Segment Open

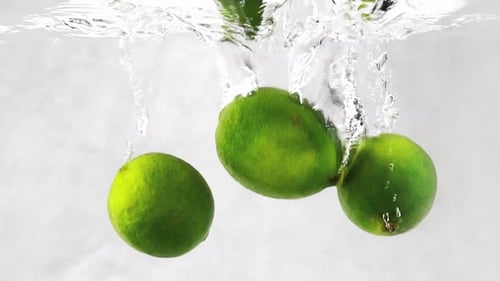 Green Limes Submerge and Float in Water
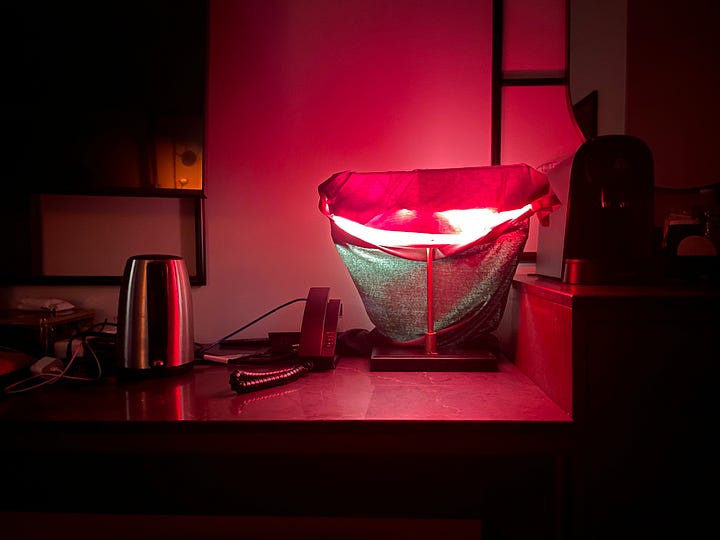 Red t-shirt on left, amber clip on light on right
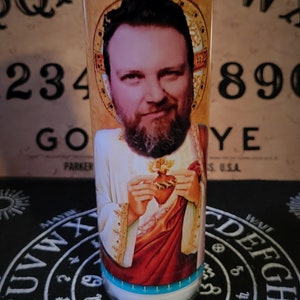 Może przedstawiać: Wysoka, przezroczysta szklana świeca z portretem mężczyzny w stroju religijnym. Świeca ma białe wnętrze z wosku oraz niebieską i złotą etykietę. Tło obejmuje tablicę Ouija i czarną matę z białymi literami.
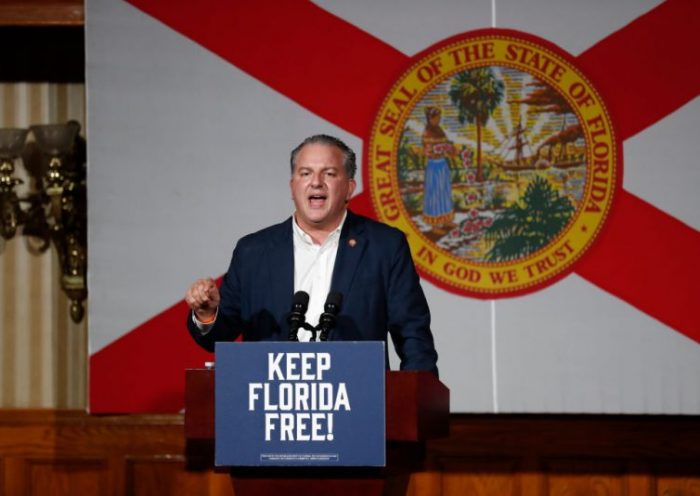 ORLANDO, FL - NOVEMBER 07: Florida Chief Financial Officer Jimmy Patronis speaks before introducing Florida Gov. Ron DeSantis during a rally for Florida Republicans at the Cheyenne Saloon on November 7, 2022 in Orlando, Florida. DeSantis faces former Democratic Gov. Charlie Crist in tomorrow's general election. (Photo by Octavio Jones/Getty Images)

Segment Closed
Segment Open

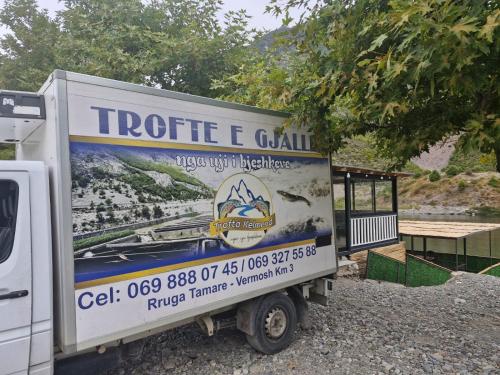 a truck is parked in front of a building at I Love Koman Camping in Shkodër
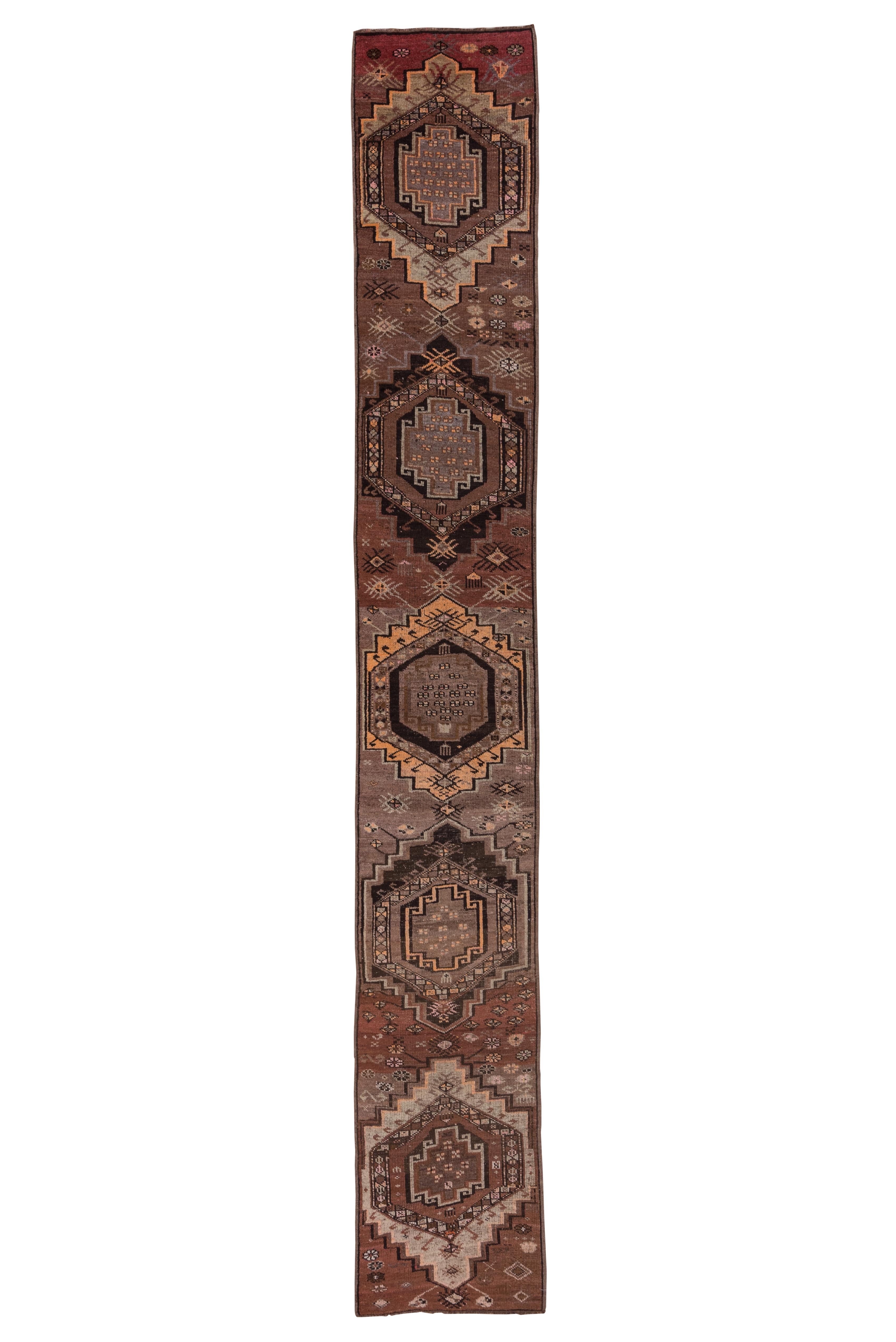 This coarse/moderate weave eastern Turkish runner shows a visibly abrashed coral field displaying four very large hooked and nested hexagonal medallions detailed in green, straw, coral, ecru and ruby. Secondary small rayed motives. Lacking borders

Segment Closed

= Task goal =
Beginning at the line above that contains "a truck is parked" and going on through the line that contains "This coarse/moderate weave", please copy every line exactly, leaving the pictures out and adding nothing.

= Output for this task =
 a truck is parked in front of a building at I Love Koman Camping in Shkodër
 This coarse/moderate weave eastern Turkish runner shows a visibly abrashed coral field displaying four very large hooked and nested hexagonal medallions detailed in green, straw, coral, ecru and ruby. Secondary small rayed motives. Lacking borders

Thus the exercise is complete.